These are just my wild guesses but, for Switzerland, I’d say:
Low interest rates are mainly a function of the strong frank (and, reversely, the weak euro and the european economic/financial problems). Inflation went mainly into higher imported prices, which were already high. For us, with big export and import balances, inflation is a processus that is relative to the inflation faced by other countries. Our interest rates were/are low but the ECB and FED had it set low too, so we mainly went business as usual with a policy that favoured exporting companies.
For the US:
Low interest rates benefited businesses and those who borrowed to buy assets. The compensation gap has increased, so additional company profits went preferentially into the hands of executives, some well paid technical jobs and shareholders.
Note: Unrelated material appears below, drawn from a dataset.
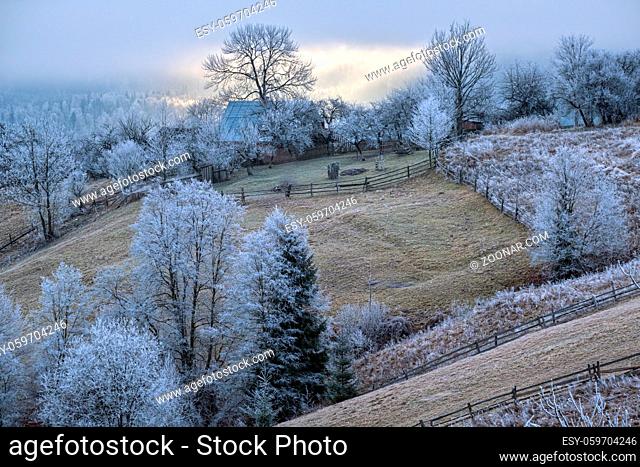 Winter coming. Picturesque pre sunrise scene above late autumn mountain countryside with hoarfrost on grasses, trees, slopes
That money went mainly into inflating investment assets prices, like stocks and real estate. Few of the newly created/available money went into general consumption or, at least, not enough to create an inflationary shock.
In 2020, the money went into tax credits, unemployment benefits, stimulus checks and PPP loans to businesses. At the same time, foreclosures were blocked and real estate asset prices went through the roof, so people could feel safer and had more money both available, and that they could get on credit, to spend, as well as more willingness to spend it from 2021 onward since they had been restrained in their opportunities to do so the year prior.
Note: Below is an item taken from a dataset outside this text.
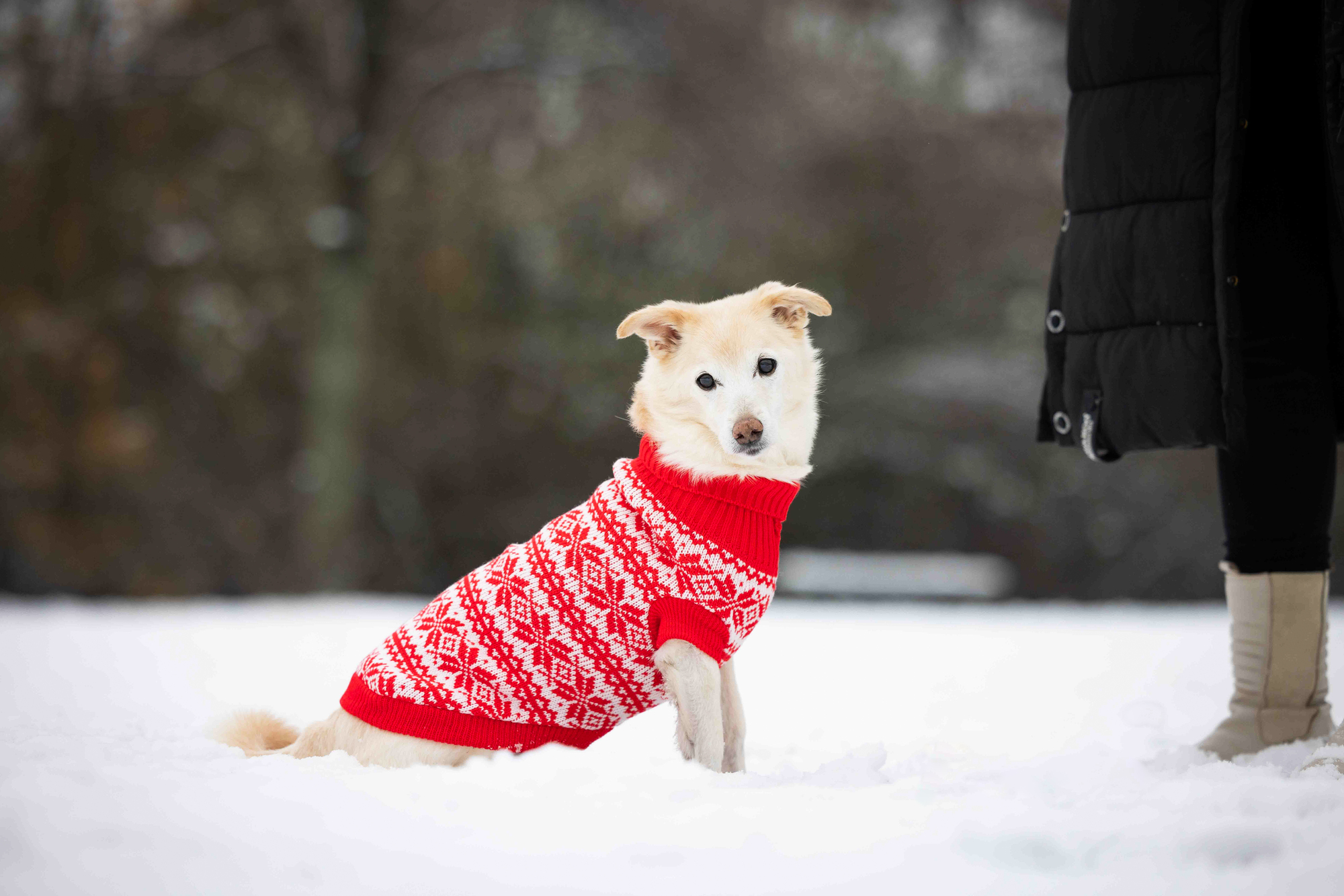 Thore Knitted Jumper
Demand for ordinary consumption goods went through the roof, which is one part of why we had inflation this time. The other part are supply chain constraints, that made things baloon from the suply side of things.
My take is that, in order to maximize its total wealth, a capitalistic society has to concentrate most of its riches in the hands of few, so as not to funnel inflation too widly. Those people can then use their wealth as leverage to keep things working that way, which prevents the collapse of their riches, as well as the whole capitalistic model they’re built on. A more redistributing society would hit an inflationary threshold earlier, since more of the available wealth would be spent regularly. The median member of the society would be richer, but the total wealth available in the society would be lower. The limit on that system is reached when inequalities are great enough to funnel social disorder, the fear of which is what should keep the more wealthy people (speaking of the top 0.1%, not just average higher end middle class) in check.